Not Everything is Important

Bookmark and Share

A database design may occasionally show evidence that it lacks proper prioritization.  Data models should express truths about the business, or about the universe of discourse.  But in expressing business truth this does not mean a data model should express absolutely every truth that anyone might conceive.  Some relationships are significant while other relationships are not.  And as a general rule, database design is not an exercise in trivial pursuit.  Insignificant truths only clutter up a design, increasing complexity, causing users’ eyes to glaze over more quickly, and adding no real value towards the endeavors of the enterprise.  The Entity-Relationship Diagram is filled with relationships, appearing as not so much a database design but as a possible circuit-board configuration.  Under the worst scenarios, extraneous relationships and their associated foreign keys can force your DBMS to do extra checking and verifying that could harm implementation performance.

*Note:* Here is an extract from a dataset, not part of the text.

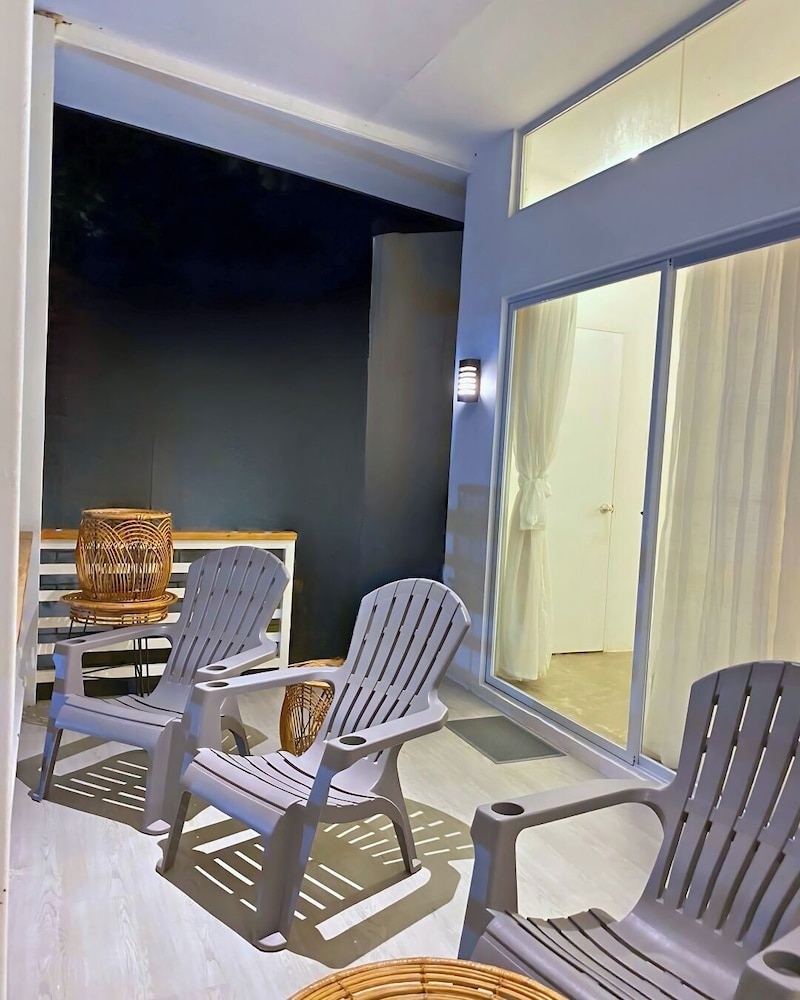 Deluxe Double Room, Pets Allowed, Beach View photo 3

Certainly, a data model can suffer from its own version of an obsessive compulsive disorder; and when encountered, these excessive obsessions may not seem completely obvious.  Data models are often busy enough on their own, even when done well.  A frequently encountered excessiveness symptom occurs with data models having foreign keys connected to absolutely every attribute defined as a date, or worse, every flag or indicator limited to a “Y’ or an “N”.  These petty relationships are of no value to anyone.  Foreign keys like these on dates or flags are not defining business truths, but instead they exist only to serve a mysterious god of extravagance.  Attributes that need restriction to limited values such as “Y” or “N” are more easily enforced via a value constraint instead of a foreign key, and date data types are enforced by the DBMS without a need to rely on a foreign key simply to determine if a date is valid.  The relationships themselves are associated with entities only defined in the model because the DBMS does not support a true user-defined domain.  Under a dimensional approach there may be exceptions.  For example, if one has a date dimension and uses the date values as the dimension’s key, foreign keys may be defined for each date value within a fact table that may be involved in analysis.  But even under this scenario, if a foreign key from the data dimension is defined into a fact table’s load date, then the belief should be that the load date normally will be used for analysis.  Another aspect in this situation comes with overthought designs which may exhibit additional associations that are more truly derivable across multiple entities.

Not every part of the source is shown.